Benjamin Moser's "Sontag: Her Life and Work" is a sweeping biography that reveals personal, political, and cultural turbulence.
Drawing on some 300 interviews, a rich, newly available archive of personal papers and abundant published sources, biographer, essayist and translator Moser offers a comprehensive, intimate — and surely definitive — biography of writer, provocateur and celebrity intellectual Susan Sontag (1933-2004). Sympathetic and sharply astute, Moser recounts the astonishing evolution of Susan Rosenblatt, an impressively bright and inquisitive child of the Jewish middle class, into an internationally acclaimed, controversial and often combative cultural figure. Even as a child, Sontag — she changed her name after her mother’s second marriage — saw herself as exceptional: smarter than her classmates, so widely read and articulate that she astonished her professors. Nevertheless, although certain that she was destined for greatness, she was tormented by an abiding fear of inadequacy. Moser recounts Sontag’s education, friendships and sexual encounters; her realization that she was bisexual; and her wide-ranging interests in psychoanalysis, politics and, most enduringly, aesthetics. He offers judicious readings of all of Sontag’s works, from her 1965 “Notes on ‘Camp,’ ” which, according to Nora Ephron, transformed her from a “highbrow critic” to “a midcult commodity”; to the late novels of which she was proudest. Her private life was stormy. At 17, she married her sociology professor, Philip Rieff, after they had known each other for 10 days, and within two years, she was a mother. Neither marriage nor motherhood suited her. Devoid of maternal instinct, she was unable to care about anyone, said Jamaica Kincaid, “unless they were in a book.” Instead, among her many lovers — Richard Goodwin, Warren Beatty, Joseph Brodsky, Lucinda Childs, Annie Leibowitz, to name a few — she sought those who would care for her: publisher Roger Straus, who sustained her “professionally, financially, and sometimes physically”; and women who kept her fed, housed and clean. Difficulties with basic hygiene, Moser notes, “suggest more than carelessness” but rather a persistent sense of alienation from her body — and exaltation of her mind.
This is a nuanced, authoritative portrait of a legendary artist.
(Moser will speak and sign copies of his book at 7 p.m. Wednesday at BookPeople, 603 N. Lamar Blvd. Information: bookpeople.com.)
Magic and history meet
Ta-Nehisi Coates, the celebrated author of "Between the World and Me" (2015) and "We Were Eight Years in Power" (2017), merges magic, adventure and antebellum intrigue in his first novel, "The Water Dancer."

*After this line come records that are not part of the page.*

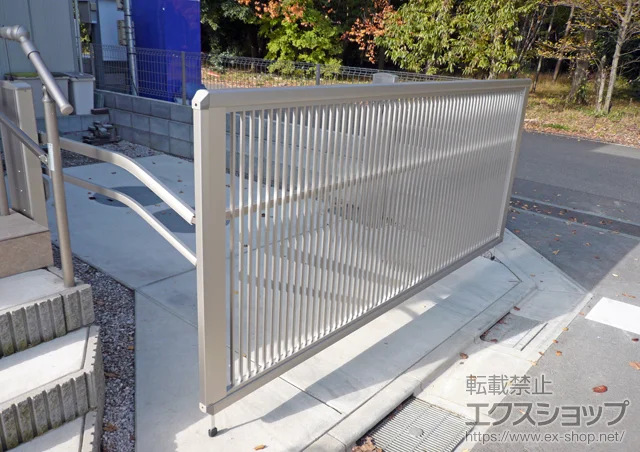 埼玉県尾道市ののフェンス・柵、カーゲート エクスラインアップゲート 2型 電動式 30-12H 施工例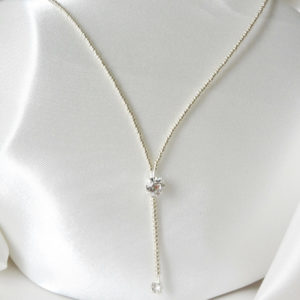 collier de mariée pour décolleté en V perles de rocailles argentées et cristal swarovski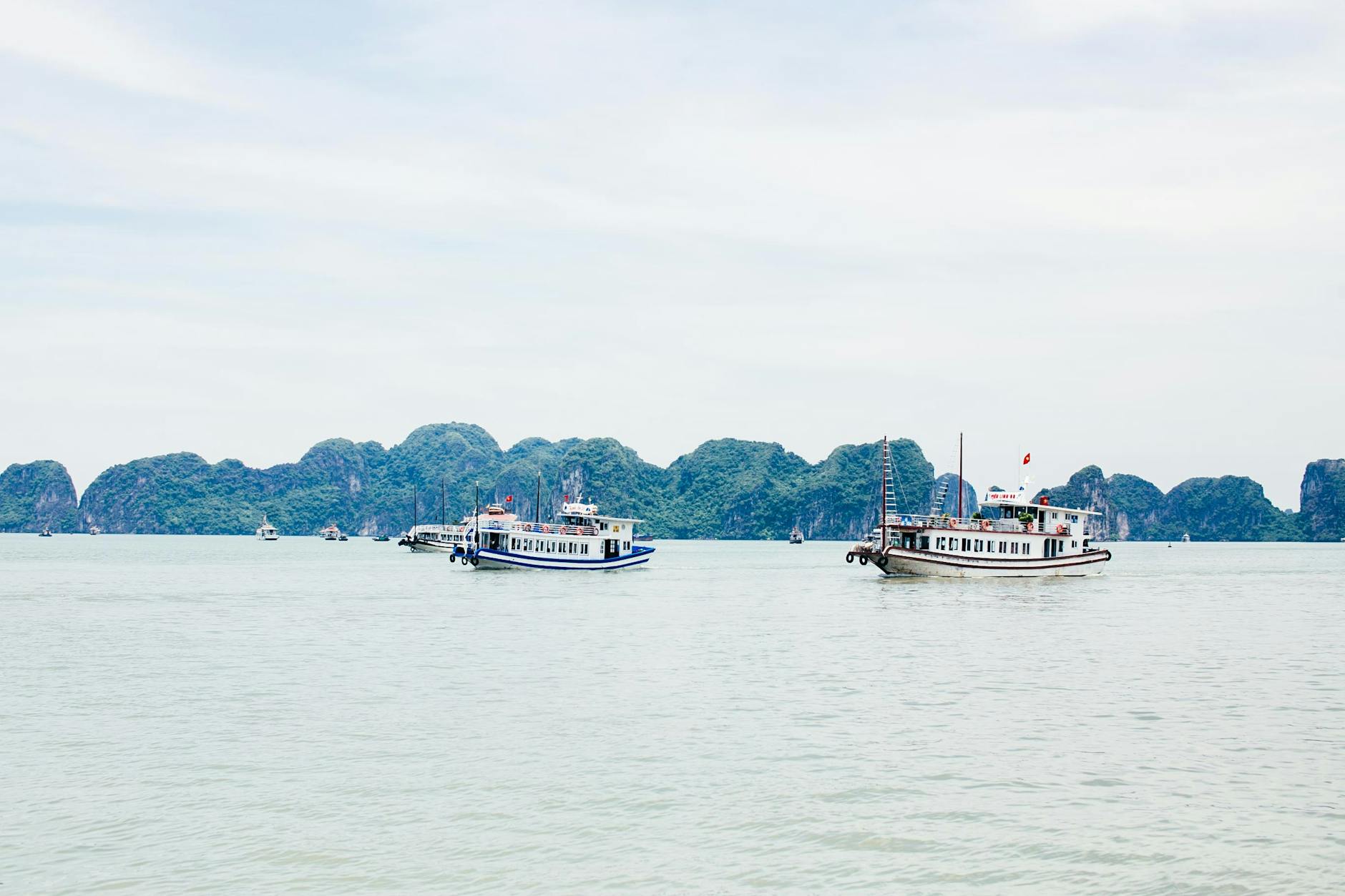 Halong Bay Cruise, Vietnam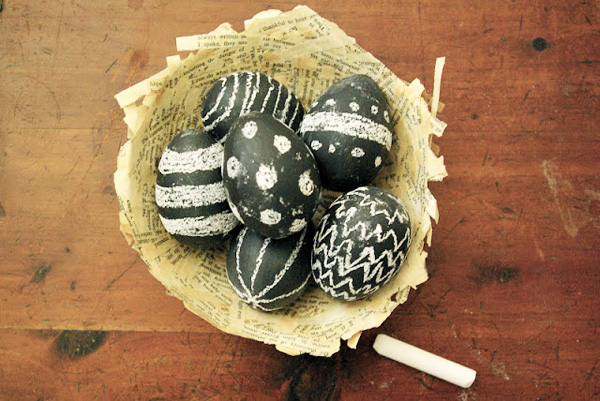 Chalkboard paint Easter eggs for kids by Oleander + Palm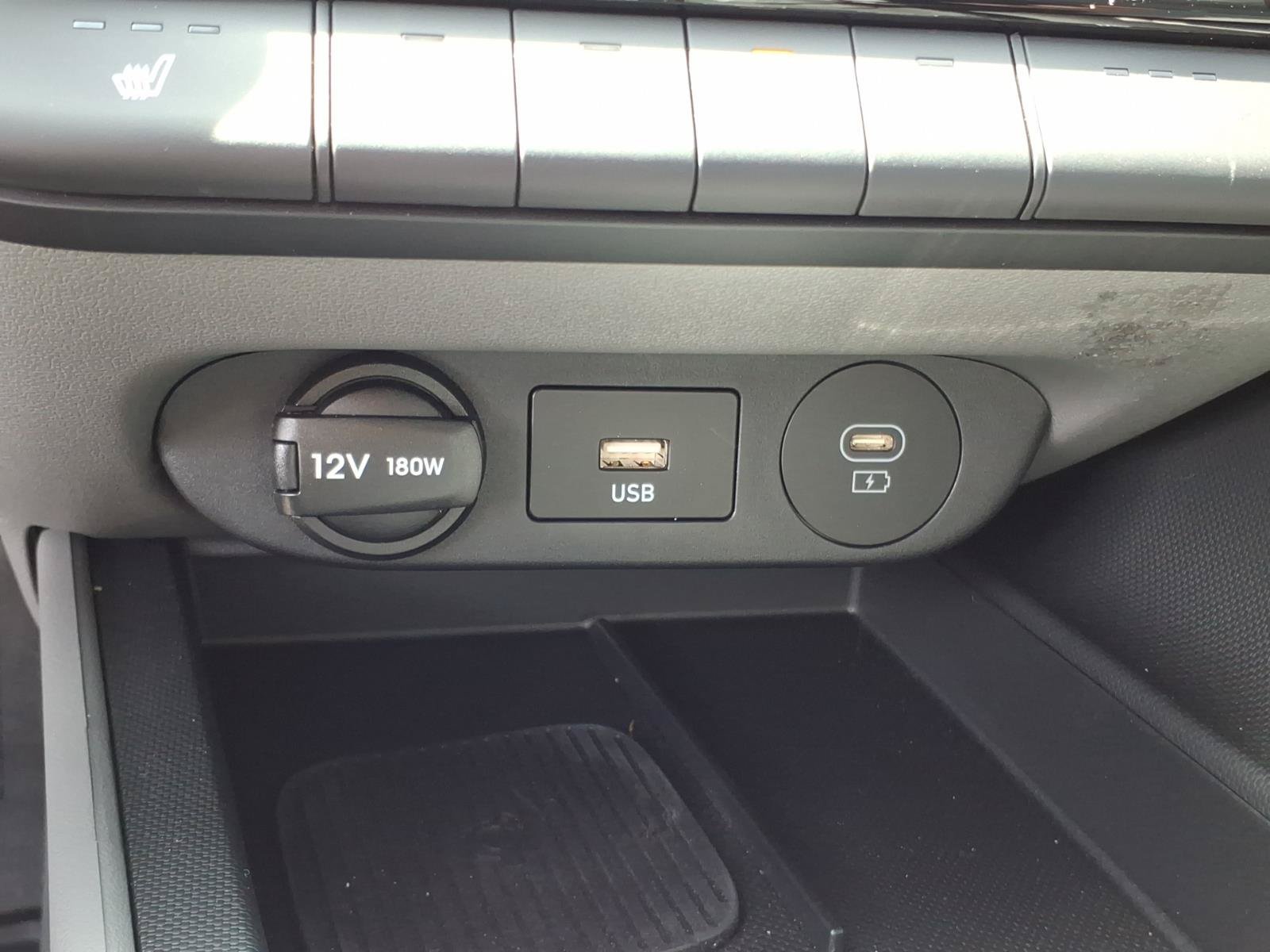 Used 2024 Hyundai Elantra SEL w/ Convenience Package FWD image 21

In pre–Civil War Virginia, people who are white, whatever their degree of refinement, are considered “the Quality” while those who are black, whatever their degree of dignity, are regarded as “the Tasked.” Whether such euphemisms for slavery actually existed in the 19th century, they are evocatively deployed in this account of the Underground Railroad and one of its conductors: Hiram Walker, one of the Tasked who’s barely out of his teens when he’s recruited to help guide escapees from bondage in the South to freedom in the North. “Conduction” has more than one meaning for Hiram. It's also the name for a mysterious force that transports certain gifted individuals from one place to another by way of a blue light that lifts and carries them along or across bodies of water. Hiram knows he has this gift after it saves him from drowning in a carriage mishap that kills his master’s oafish son (who’s Hiram’s biological brother). Whatever the source of this power, it galvanizes Hiram to leave behind not only his chains, but also the two Tasked people he loves most: Thena, a truculent older woman who practically raised him as a surrogate mother, and Sophia, a vivacious young friend from childhood whose attempt to accompany Hiram on his escape is thwarted practically at the start when they’re caught and jailed by slave catchers. Hiram directly confronts the most pernicious abuses of slavery before he is once again conducted away from danger and into sanctuary with the Underground, whose members convey him to the freer, if funkier environs of Philadelphia, where he continues to test his power and prepare to return to Virginia to emancipate the women he left behind — and to confront the mysteries of his past. Coates’ imaginative spin on the Underground Railroad’s history is as audacious as Colson Whitehead’s, if less intensely realized. Coates’ narrative flourishes and magic-powered protagonist are reminiscent of his work on Marvel’s "Black Panther" superhero comic book, but even his most melodramatic effects are deepened by historical facts and contemporary urgency.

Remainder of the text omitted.